Without the pictures, retype exactly the lines from the top of the entries below through the line that contains "How to Track Donations for your Church".

(Dataset entries)
+--

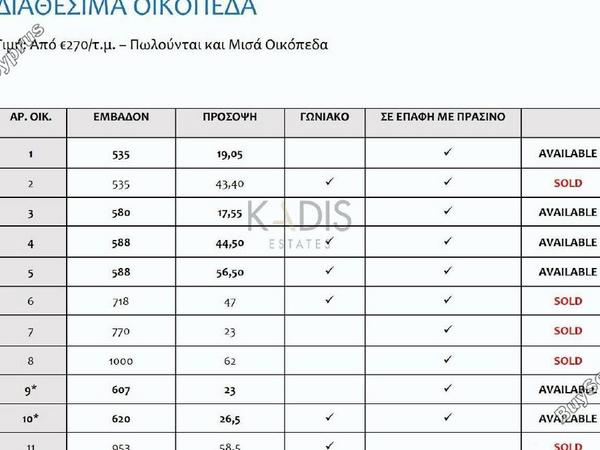 plot for sale geri nicosia 1325314 image 5835448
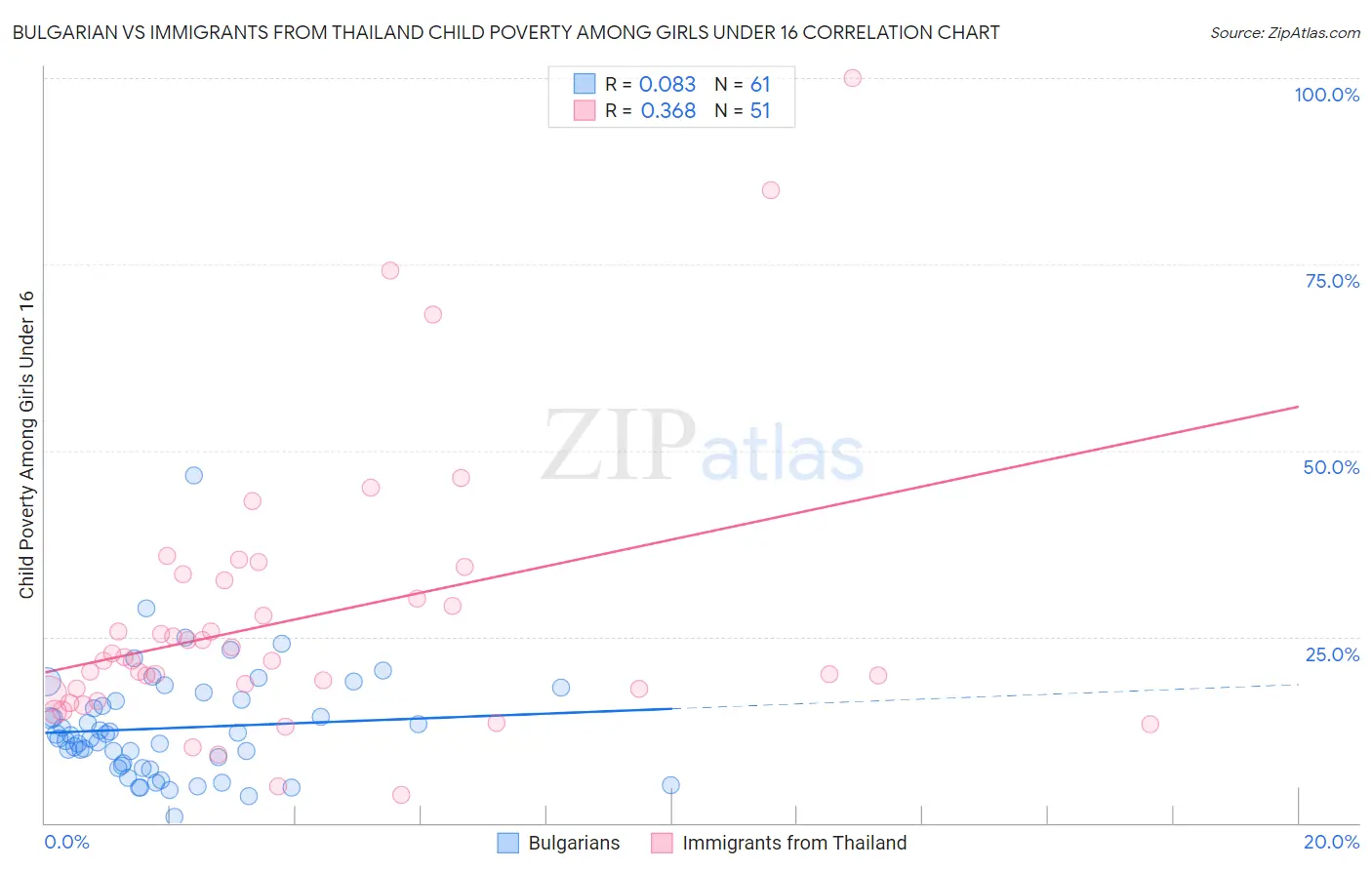 Bulgarian vs Immigrants from Thailand Child Poverty Among Girls Under 16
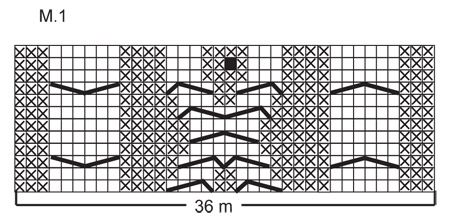 Diagram for DROPS Baby 17-28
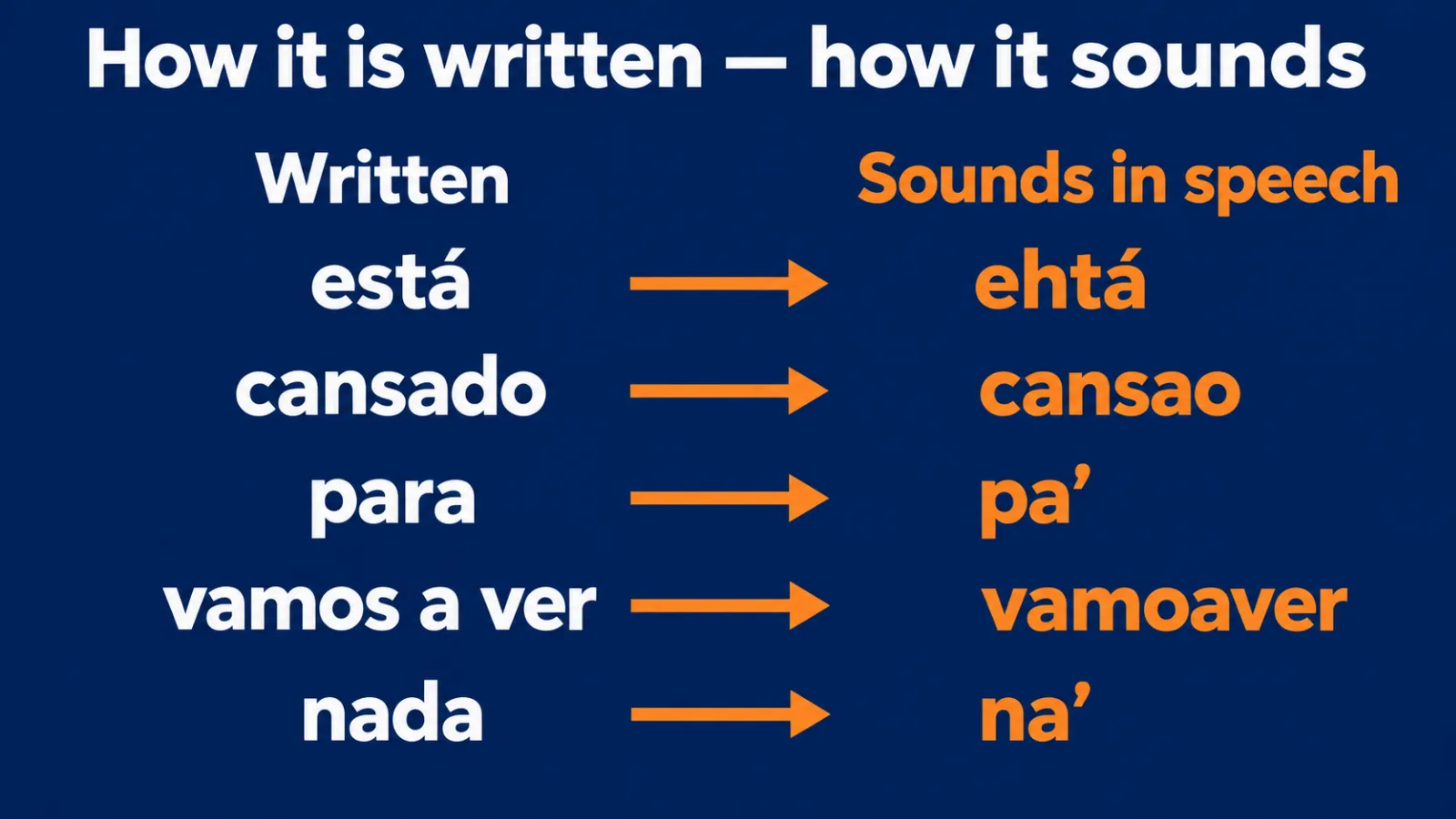 How it is written and how it sounds: está, cansado, para, vamos a ver, nada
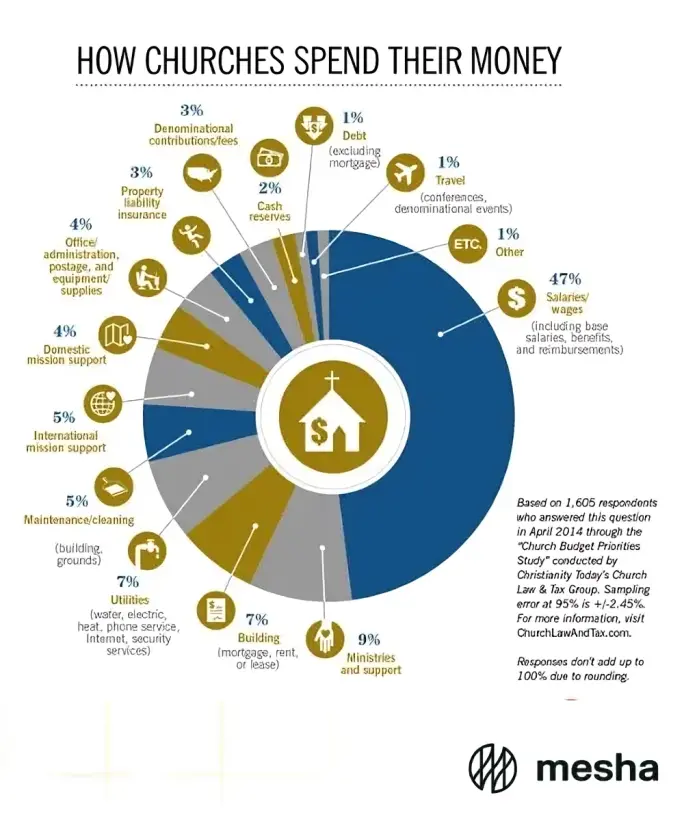 How to Track Donations for your Church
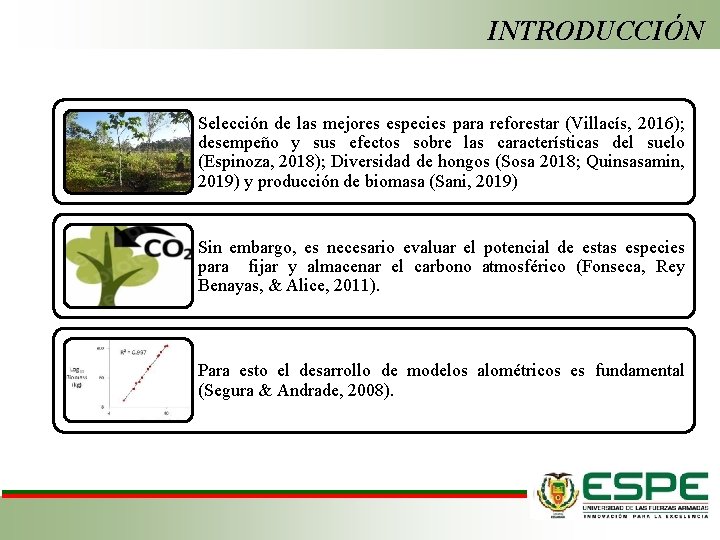 INTRODUCCIÓN Selección de las mejores especies para reforestar (Villacís, 2016); desempeño y sus efectos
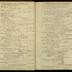 William Redwood daybook, 1787-1790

+--

Exercise response
 plot for sale geri nicosia 1325314 image 5835448
 Bulgarian vs Immigrants from Thailand Child Poverty Among Girls Under 16
 Diagram for DROPS Baby 17-28
 How it is written and how it sounds: está, cansado, para, vamos a ver, nada
 How to Track Donations for your Church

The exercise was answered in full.